Director, Fixed Income Product Management

S&P Dow Jones Indices

Overview


In 2025, Asia-Pacific economies remained resilient, delivering stronger-than-expected growth despite persistent geopolitical tensions and tariff headwinds. Throughout the year, central banks in the region remained highly vigilant, closely monitoring a broad spectrum of economic indicators to ensure their policy decisions were both timely and effective.


Many responded to signs of economic weakness with stimulative rate cuts, while others paused as inflationary pressures resurfaced. Most Asia-Pacific markets experienced at least two rate cuts, whereas the Bank of Japan took a divergent path, implementing two rate hikes and pushing interest rates to levels not seen in 30 years to curb inflation.
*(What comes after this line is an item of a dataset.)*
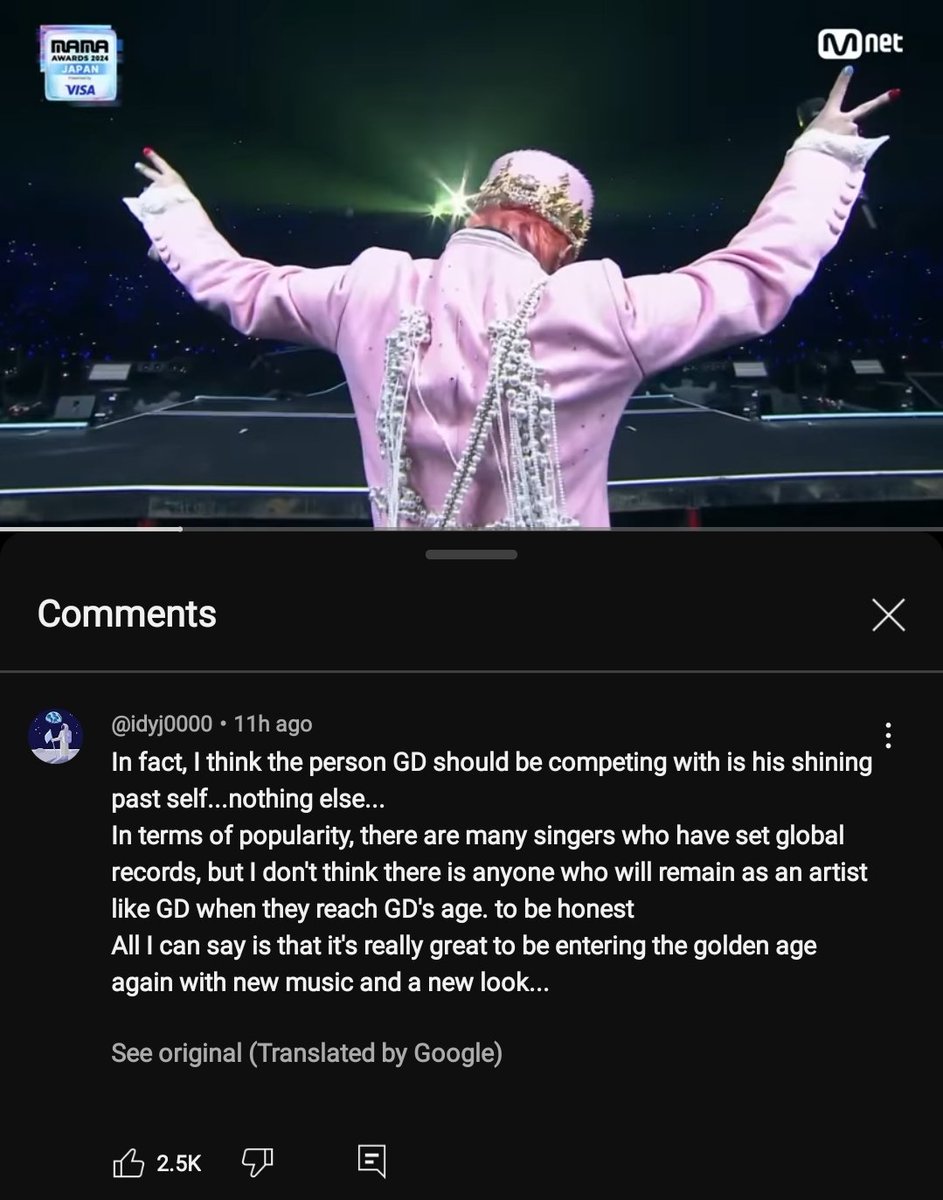 ceeisvip's tweet photo. "In terms of popularity, there are many singers who have set global records, but i don't think there is anyone who will remain as an artist like GD when they reach GD's age." https://t.co/3k5It24i48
Key Asia-Pacific Regional Index Performance: Exhibit 1

Over the past five years, Asia-Pacific bond markets have broadened and deepened, shaped by evolving currency dynamics, shifting interest rates and changing economic conditions.  Both issuers and investors have become increasingly strategic, carefully balancing currency, duration, credit quality and carry considerations to navigate the region’s dynamic and complex environment.

Among local currency multi-market indices, the iBoxx ABF Pan-Asia (which consists of government and quasi-sovereign bonds) outperformed iBoxx ALBI (which consists of additional government bonds such as India and offshore RMB, as well as corporate bonds from select markets from one-, three- and five-year timeframes).  Over a five-year period, in USD unhedged terms, the iBoxx ChinaBond Investment Grade Overall Index and S&P/ASX iBoxx Australian Fixed Interest Index exhibited contrasting performance patterns: CNY bonds gained 15.71%, while AUD bonds lost 16.22%.  However, as the Australian dollar rebounded against the U.S. dollar in 2025, AUD bonds (in USD unhedged terms) posted double-digit gains (10.82%) compared to CNY’s 4.63%.

For USD-denominated bond indices, the iBoxx USD Asia-Pacific Index outperformed the iBoxx USD Asia ex-Japan Index across one-, three- and five-year periods.  This outperformance was driven by the eligibility of USD-denominated bonds from Japan, Australia and New Zealand, which diluted the weight of China and thereby mitigated the impact of the China real estate crisis.  Notably, the past five years also saw a contraction in the iBoxx USD Asia ex-Japan universe—from more than USD 1.4 trillion at its peak in 2021 before the property crisis to USD 0.99 trillion as of year-end 2025—as more Asian issuers diversified their funding sources by issuing in other currencies (such as offshore RMB).  The iBoxx USD Asia-Pacific Index, on the other hand, ended the year at USD 1.6 trillion in notional value.